Retype the listing found below exactly, but leave out each picture.

• Raw data
= Beginning of Section =
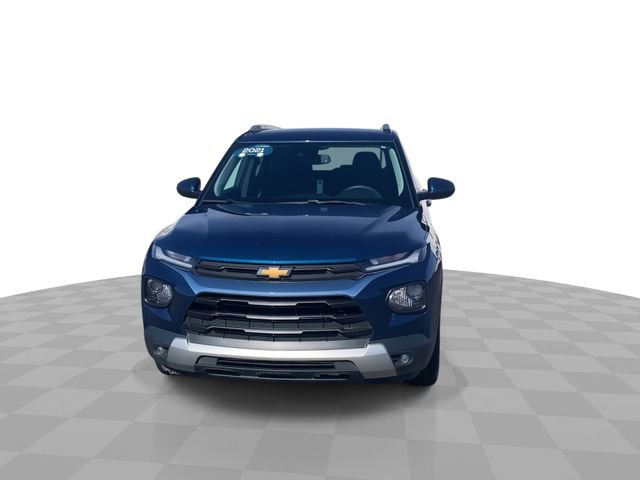 Used 2021 Chevrolet TrailBlazer LT w/ Convenience Package image 3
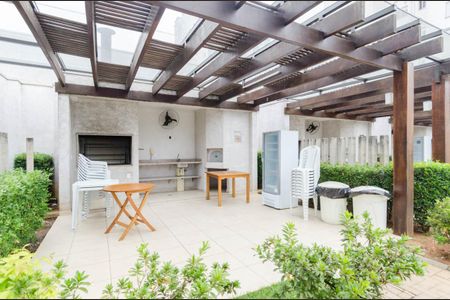 Apartamento à venda com 67m², 3 quartos e 1 vagaChurrasqueira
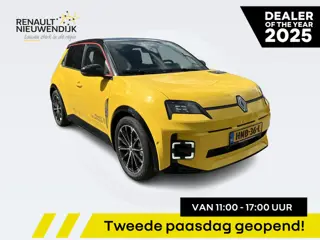 Renault 5 comfort range iconic cinq 52 kWh / Demo Zuidoost / Vraag naar beschikbaarheid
= End of Section =
• Response
 Used 2021 Chevrolet TrailBlazer LT w/ Convenience Package image 3
 Apartamento à venda com 67m², 3 quartos e 1 vagaChurrasqueira
 Renault 5 comfort range iconic cinq 52 kWh / Demo Zuidoost / Vraag naar beschikbaarheid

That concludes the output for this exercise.